Where Nakano Sun Mall ends, Nakano Broadway begins. A collector’s paradise, the retro mall features shops selling manga, electronics and pop culture paraphernalia to rival Akihabara. Mandarake is one such prominent retailer with several stores in Nakano Broadway, each specializing in a different niche, from Gundam merchandise to cosplay.
For food, check out the basement floor of Nakano Sun Mall where the YouTube famous Daily Chico offers a tower of ice cream that’s eight scoops high, including flavors like ramune (Japanese soda), black sesame and sweet potato. On this level of Nakano Broadway, you’ll also find restaurants, takeout options and groceries.
- Where: 5-63-3 Nakano, Nakano City, Tokyo
- Access: 1 minute walk from JR Nakano Station north exit
After getting its start as a black market in the years post World War II, now Ameya Yokocho (a.k.a. Ameyoko) is a bustling marketplace for everything from fresh seafood to dried spices to clothing to snacks and candy. Some say that Ameya Yokocho means “candy store alley,” while others say the “ame” in its name refers to “America.” Regardless, discount candy deals can still be found here alongside an abundance of camo-patterned gear and flashy sukajan (souvenir jackets).

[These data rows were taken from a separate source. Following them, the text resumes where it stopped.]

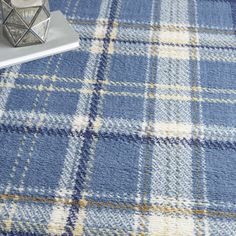 a blue and yellow plaid rug on the floor next to a vase with a candle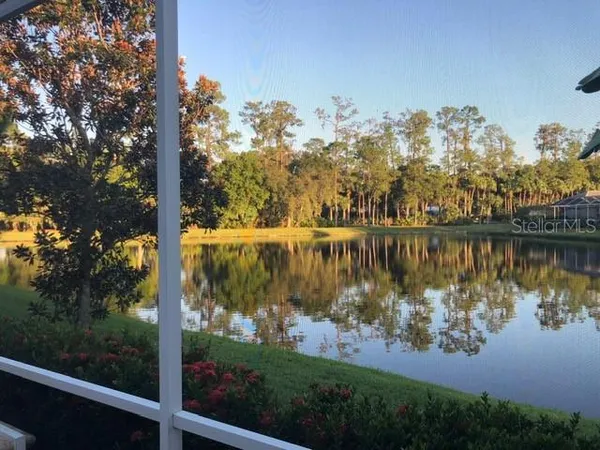 a view of a lake from a balcony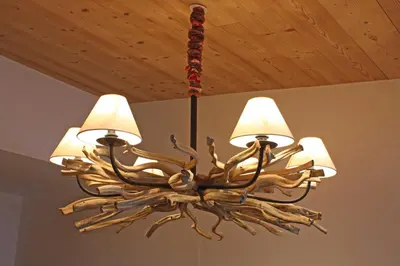 a chandelier is hanging from a ceiling at Le Paradis 18 - Chamonix All Year in Chamonix-Mont-Blanc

The local restaurants and shops can’t contain the excitement and hubbub of Ameyoko, with streetside tables spilling out of izakayas, while revelers snack on portable morsels. Dining al fresco is the way to go here. To escape the crowds, we recommend picking up some items to go for a picnic spread at the neighboring Ueno Park.
- Where: 6-10 Ueno, Taito City, Tokyo
- Access: 4 minute walk from JR Ueno Station Shinobazu exit or 2 minute walk from JR Okachimachi Station north exit
I’ve been told I have the taste buds of an obaachan (granny)—maybe it’s my affinity for the sweet red bean paste anko—so it’s no wonder that Sugamo, the cheekily named “Harajuku for old ladies” holds such charm for me. Offering little-known snacks like nure senbei (literally “wet rice crackers”) from Raijindo and more traditional wagashi (traditional Japanese sweets) like the anko-stuffed shio daifuku (salted mochi) from Mizuno, Sugamo’s Jizo-Dori shopping street teems with good eats.
Along the way, you’ll find Togenuki Jizoson Koganji Temple, which is the go-to place to pray for relief from your ailments (togenuki meaning “thorn removal”). Also, keep an eye out for shops selling lucky red underwear—though we’re pretty sure you won’t miss these scarlet beacons!
- Where: 4-22-8 Sugamo, Toshima City, Tokyo
- Access: 3 minute walk from JR Sugamo Station
Full of charm, heart and tasty street food, discover the individual character of each of these Tokyo shopping streets; revisit them like old books and you’re sure to find even more to love.